A. Sie begründeten Ihre Beanstandung wie folgt:

„Gerade habe ich meinen Fernseher angeschaltet und per Zufall in den letzten Minuten der Folge Grand Hotel (Ep. 16) die Hinrichtung eines Menschen und danach in der Folge Grand Hotel (Ep. 17) die retrospektive Wiederholung der Hinrichtung eines Menschen gesehen. Dieses geschieht mittels Erwürgen mit einer Garotte.

Ich schreibe wirklich nicht so schnell ein Mail wie dieses: Aber ist es wirklich notwendig so etwas überhaupt im TV zu zeigen und das auch noch zu einer Zeit, bei der Kinder vor dem Fernseher sitzen ? Zudem glaube ich, dass man so etwas eigentlich gar nicht oder zumindest nur im Nachtprogramm mit entsprechender Warnung zeigen sollte.

Die Episoden werden auch noch im Internet-Portal zur Verfügung gestellt.

Wer überprüft eigentlich den Inhalt von eingekauften Sendungen?“

B. Wie üblich, konnte die zuständige Redaktion zu Ihrer Beanstandung Stellung nehmen. Herr Heinz Schweizer, Redaktionsleiter Einkauf Fiktion, Factual und Einsatzprogramme von Fernsehen SRF, schrieb darauf:

„Ich beziehe mich auf die beiden Beanstandungen, die sich auf die Ausstrahlung der Folge 58 (Folge 16 der 3. Staffel) der Serie ‚Grand Hotel‘ am Samstag 1. Oktober 2016 zwischen 15.05 und 16.00 Uhr im Programm von SRF 1 beziehen. Beide Beanstander erwähnen, dass sie zufällig die letzten Minuten dieser einen Folge (und die Zusammenfassung dieser Folge zu Beginn der Folge 59) gesehen hätten und nicht verstehen könnten, warum SRF im Nachmittagsprogramm eine Hinrichtung zeigt.

Die Redaktion Einkauf Fiktion, Factual und Einsatzprogramme nimmt dazu wie folgt Stellung:

Die spanische Fernsehserie ‚Grand Hotel‘ (2011-2013) schildert über 66 Folgen eine spannende Geschichte um Liebe und Intrigen in einem Luxushotel zu Beginn des letzten Jahrhunderts. Sie wird von Produzenten und Presse gerne als das spanische Pendant zur britischen Erfolgsserie ‚Downton Abbey‘ bezeichnet. SRF hat am Samstag 5. September 2015 mit der Ausstrahlung in Doppelfolgen begonnen. Aktuell laufen bis zum Ende der Serie sogar drei Folgen hintereinander. Folge 58 (3/16) war die mittlere Folge am 1. Oktober.

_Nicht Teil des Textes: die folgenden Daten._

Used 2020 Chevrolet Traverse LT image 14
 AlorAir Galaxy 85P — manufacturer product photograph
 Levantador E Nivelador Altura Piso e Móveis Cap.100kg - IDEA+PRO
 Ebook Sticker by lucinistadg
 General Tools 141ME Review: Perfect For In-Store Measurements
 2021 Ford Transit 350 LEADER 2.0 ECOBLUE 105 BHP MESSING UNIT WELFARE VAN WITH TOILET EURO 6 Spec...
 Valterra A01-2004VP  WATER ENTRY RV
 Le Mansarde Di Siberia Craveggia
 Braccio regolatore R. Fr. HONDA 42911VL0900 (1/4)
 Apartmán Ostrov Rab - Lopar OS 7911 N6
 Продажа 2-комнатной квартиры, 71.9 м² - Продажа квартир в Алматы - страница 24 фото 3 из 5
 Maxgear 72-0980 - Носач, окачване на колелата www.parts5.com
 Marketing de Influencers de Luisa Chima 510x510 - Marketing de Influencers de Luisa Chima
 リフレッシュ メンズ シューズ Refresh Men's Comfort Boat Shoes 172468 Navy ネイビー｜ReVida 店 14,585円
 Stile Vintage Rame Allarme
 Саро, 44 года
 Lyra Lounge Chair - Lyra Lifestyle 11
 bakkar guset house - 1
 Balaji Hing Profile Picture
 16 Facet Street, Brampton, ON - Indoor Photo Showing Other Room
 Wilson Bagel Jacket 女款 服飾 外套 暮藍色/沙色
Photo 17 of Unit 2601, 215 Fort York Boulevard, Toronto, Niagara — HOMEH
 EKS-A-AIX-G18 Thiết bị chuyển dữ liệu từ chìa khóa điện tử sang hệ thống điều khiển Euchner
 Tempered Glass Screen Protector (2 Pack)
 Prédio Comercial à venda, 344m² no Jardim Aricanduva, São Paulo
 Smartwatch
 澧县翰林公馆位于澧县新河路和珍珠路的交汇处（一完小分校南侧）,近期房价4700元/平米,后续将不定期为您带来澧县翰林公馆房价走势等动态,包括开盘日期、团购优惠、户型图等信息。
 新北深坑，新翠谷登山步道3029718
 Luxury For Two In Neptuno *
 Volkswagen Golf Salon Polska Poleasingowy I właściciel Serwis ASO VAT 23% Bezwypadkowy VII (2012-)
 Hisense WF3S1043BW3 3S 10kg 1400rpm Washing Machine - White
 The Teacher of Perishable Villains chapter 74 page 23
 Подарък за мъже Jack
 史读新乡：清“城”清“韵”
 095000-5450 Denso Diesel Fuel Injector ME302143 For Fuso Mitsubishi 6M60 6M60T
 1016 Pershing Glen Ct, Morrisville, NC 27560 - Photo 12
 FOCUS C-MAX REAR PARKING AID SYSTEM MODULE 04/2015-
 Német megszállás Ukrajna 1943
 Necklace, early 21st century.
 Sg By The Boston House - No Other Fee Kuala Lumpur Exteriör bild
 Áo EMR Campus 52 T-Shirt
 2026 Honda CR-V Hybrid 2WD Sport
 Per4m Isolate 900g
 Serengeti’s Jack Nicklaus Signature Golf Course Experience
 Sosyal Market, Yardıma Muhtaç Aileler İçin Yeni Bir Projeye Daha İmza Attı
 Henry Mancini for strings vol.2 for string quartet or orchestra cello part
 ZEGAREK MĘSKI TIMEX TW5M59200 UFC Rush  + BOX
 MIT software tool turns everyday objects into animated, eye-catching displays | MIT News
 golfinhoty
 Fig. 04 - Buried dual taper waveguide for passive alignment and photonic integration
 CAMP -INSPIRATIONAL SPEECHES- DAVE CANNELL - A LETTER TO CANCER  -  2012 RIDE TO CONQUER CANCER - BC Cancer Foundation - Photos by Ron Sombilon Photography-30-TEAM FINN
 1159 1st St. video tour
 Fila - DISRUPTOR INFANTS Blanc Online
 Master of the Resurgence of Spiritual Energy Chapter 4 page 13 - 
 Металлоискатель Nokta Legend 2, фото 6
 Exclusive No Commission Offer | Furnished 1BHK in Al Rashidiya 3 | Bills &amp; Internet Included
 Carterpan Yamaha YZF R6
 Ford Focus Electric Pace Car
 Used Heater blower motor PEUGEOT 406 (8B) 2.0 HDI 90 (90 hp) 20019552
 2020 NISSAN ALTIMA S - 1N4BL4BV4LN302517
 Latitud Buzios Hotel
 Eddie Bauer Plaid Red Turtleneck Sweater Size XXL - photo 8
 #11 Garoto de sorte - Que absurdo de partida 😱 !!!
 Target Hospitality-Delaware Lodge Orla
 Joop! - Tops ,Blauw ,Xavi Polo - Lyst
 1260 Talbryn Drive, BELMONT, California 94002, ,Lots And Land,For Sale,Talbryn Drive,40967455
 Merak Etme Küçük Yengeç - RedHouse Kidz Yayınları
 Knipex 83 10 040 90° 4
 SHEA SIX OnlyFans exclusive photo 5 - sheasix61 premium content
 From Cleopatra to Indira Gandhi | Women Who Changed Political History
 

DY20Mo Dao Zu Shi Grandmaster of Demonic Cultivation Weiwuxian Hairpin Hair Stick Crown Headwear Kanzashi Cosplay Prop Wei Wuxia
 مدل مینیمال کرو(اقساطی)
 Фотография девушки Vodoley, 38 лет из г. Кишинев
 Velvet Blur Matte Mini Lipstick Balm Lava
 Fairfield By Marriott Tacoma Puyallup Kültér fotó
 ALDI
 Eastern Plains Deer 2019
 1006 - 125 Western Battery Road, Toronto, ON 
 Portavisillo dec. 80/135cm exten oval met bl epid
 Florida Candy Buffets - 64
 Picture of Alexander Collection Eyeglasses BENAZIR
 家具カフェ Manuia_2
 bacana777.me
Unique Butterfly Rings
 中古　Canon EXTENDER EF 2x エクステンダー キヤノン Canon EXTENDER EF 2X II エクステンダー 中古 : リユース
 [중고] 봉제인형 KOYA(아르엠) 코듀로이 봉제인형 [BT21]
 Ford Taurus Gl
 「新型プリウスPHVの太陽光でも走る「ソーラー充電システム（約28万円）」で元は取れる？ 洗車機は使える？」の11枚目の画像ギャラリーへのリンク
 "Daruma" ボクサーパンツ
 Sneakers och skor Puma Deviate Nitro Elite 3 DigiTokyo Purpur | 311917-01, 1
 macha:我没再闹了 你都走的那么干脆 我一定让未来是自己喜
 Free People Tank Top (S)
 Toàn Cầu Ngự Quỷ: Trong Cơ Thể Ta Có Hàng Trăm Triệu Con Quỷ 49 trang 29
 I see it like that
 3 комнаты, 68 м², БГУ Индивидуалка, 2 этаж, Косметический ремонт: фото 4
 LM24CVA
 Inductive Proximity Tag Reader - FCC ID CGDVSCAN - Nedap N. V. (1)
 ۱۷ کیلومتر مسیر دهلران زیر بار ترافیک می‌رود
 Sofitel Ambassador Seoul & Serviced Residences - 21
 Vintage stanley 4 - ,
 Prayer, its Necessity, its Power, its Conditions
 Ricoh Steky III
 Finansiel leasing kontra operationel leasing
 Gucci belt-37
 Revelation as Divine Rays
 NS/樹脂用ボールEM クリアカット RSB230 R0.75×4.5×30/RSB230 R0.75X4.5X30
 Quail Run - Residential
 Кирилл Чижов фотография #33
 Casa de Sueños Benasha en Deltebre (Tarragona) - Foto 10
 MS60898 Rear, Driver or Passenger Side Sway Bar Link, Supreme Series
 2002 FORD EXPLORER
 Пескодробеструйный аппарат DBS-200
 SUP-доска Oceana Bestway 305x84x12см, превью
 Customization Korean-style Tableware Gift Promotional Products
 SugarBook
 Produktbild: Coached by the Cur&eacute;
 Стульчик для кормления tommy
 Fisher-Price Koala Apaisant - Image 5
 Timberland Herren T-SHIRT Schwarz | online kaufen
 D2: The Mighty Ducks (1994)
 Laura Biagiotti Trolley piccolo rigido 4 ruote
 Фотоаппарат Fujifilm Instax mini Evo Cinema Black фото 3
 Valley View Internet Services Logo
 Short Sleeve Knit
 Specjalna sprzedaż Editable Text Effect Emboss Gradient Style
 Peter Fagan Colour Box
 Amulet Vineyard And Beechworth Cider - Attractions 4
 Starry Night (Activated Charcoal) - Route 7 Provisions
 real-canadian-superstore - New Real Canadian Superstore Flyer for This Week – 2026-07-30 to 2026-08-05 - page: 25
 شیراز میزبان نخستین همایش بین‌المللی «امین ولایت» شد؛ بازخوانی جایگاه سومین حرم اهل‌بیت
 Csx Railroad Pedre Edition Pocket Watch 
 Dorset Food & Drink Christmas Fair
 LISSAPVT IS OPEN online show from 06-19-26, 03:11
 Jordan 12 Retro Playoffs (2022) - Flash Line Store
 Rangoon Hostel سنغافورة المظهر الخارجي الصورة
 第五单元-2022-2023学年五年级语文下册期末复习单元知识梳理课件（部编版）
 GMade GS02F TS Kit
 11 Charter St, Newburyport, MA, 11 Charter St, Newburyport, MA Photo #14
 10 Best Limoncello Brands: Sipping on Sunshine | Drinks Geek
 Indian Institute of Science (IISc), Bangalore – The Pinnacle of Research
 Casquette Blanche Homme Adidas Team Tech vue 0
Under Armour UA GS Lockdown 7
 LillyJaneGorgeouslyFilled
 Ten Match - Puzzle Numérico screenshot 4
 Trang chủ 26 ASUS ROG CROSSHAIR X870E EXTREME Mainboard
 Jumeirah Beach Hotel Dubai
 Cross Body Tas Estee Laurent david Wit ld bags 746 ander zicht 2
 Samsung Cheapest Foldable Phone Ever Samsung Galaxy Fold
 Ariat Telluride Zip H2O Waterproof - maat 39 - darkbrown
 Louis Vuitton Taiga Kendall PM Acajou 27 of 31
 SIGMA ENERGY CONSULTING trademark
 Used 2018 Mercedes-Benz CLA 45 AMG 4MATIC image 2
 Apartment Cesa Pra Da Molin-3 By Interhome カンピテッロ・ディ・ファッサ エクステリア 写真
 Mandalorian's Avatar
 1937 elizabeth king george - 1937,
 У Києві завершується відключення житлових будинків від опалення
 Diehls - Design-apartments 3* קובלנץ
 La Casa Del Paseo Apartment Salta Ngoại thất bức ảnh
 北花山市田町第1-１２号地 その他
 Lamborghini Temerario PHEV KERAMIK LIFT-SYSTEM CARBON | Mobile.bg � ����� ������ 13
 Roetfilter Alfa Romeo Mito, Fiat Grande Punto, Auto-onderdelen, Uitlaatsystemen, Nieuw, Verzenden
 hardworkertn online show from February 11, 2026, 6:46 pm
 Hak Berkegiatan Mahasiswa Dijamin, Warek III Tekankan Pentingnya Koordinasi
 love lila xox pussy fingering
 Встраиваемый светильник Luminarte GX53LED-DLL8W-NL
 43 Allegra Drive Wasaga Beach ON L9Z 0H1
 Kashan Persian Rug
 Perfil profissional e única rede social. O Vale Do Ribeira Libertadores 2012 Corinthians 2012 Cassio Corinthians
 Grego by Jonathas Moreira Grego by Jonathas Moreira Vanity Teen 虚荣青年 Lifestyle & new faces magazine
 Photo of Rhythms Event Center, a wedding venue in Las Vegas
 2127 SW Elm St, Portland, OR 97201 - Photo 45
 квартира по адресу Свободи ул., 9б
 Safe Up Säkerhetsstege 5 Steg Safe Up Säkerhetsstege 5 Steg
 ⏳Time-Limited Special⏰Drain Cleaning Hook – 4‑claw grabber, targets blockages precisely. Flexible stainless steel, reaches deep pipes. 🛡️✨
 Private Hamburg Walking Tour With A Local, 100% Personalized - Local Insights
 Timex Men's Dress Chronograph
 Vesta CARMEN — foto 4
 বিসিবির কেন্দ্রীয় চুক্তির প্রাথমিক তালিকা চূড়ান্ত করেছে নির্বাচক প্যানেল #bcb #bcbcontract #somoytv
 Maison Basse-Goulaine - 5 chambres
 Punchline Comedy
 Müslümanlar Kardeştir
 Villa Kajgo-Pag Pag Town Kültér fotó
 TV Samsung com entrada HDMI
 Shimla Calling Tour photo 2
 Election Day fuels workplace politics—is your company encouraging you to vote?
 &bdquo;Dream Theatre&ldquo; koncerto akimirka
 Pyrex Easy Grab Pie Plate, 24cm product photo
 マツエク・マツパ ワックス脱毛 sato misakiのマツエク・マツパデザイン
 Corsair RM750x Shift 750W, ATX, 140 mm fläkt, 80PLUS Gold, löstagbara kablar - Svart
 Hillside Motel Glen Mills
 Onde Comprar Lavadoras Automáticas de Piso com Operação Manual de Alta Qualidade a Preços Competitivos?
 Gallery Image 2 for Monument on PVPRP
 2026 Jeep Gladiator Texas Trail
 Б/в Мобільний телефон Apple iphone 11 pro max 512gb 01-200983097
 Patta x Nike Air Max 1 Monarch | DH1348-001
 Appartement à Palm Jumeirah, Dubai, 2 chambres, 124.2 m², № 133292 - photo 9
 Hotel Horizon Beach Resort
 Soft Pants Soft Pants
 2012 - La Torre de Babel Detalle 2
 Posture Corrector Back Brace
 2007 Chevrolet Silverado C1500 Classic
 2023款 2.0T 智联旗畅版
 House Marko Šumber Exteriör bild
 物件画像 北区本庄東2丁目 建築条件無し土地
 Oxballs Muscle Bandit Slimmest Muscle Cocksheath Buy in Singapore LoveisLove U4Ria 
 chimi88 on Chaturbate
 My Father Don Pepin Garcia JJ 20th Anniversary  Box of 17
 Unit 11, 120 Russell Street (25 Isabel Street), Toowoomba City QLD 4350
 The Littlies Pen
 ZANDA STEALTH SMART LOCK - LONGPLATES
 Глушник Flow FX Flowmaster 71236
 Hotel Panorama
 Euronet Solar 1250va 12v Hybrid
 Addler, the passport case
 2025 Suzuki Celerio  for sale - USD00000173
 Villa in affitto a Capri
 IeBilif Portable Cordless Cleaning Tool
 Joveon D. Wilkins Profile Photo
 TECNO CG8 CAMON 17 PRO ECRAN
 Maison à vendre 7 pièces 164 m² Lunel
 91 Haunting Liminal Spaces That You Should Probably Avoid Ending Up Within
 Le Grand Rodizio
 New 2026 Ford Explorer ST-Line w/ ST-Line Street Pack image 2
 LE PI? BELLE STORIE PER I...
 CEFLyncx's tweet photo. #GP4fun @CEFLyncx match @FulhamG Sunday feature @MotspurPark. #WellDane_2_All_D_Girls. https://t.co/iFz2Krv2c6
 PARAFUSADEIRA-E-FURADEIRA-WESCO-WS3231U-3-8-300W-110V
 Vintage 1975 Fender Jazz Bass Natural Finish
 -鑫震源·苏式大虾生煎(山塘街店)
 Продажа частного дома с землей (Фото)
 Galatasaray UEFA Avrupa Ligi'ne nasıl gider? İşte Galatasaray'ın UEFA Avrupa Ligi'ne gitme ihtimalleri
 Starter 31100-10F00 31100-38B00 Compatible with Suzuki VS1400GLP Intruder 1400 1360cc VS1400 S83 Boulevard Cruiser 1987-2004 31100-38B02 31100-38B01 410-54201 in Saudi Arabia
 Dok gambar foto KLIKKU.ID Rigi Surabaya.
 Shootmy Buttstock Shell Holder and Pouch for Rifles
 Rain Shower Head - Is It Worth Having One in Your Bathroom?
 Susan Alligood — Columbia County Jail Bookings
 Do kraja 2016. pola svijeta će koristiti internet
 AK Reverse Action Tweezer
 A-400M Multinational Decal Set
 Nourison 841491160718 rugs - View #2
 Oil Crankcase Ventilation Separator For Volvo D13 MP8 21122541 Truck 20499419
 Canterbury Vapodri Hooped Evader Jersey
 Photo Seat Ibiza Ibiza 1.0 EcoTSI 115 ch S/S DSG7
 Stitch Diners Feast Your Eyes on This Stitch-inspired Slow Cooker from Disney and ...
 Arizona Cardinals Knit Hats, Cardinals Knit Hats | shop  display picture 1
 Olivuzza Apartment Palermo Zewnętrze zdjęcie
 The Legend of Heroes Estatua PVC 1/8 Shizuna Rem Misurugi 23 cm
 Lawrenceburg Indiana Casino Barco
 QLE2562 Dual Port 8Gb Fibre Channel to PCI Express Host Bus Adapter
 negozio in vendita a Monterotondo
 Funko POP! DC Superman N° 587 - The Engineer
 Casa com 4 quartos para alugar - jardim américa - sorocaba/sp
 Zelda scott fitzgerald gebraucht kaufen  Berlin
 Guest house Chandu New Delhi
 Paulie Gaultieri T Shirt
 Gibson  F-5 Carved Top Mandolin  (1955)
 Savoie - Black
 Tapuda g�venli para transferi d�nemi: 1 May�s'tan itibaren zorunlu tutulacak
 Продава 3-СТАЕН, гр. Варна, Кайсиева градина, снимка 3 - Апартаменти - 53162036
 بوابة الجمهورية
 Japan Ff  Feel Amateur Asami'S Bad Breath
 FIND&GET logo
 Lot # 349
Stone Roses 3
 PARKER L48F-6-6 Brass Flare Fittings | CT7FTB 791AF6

Da es sich um eine stark erzählte Fortsetzungsgeschichte handelt, gehen wir nicht davon aus, dass Zuschauer so fortgeschritten noch in die Serie ‚einsteigen‘. ‚Grand Hotel‘ ist von der Anlage her sicher kein Kinderprogramm, aber die Programmschiene am Samstagnachmittag ist auch explizit nicht in ein Kinderprogramm eingebettet oder als solches gekennzeichnet. Vor der Serie laufen die Tagesschau und die Polit-Talksendung ‚Standpunkte‘ der ‚Basler Zeitung‘, im Anschluss an die Serie wiederholt SRF sein Promimagazin ‚Glanz & Gloria‘, gefolgt von der rätoromanischen Sendung ‚Cuntrasts‘.

In einer über 66 Folgen laufenden Drama-Serie, die für ein erwachsenes Publikum konzipiert ist, gibt es sicher ab und zu einzelne ‚härtere‘ Szenen, die von zufälligen Betrachtern – z.B. beim Hineinzappen – nicht eingeordnet werden können. Die beanstandete Szene einer eher ungewöhnlichen Hinrichtung mittels einer Halskrause gehört sicher dazu. Sie wurde aber dem Programm entsprechend zurückhaltend inszeniert und ins Bild gesetzt, ohne die dramatische Bedeutung zu verleugnen.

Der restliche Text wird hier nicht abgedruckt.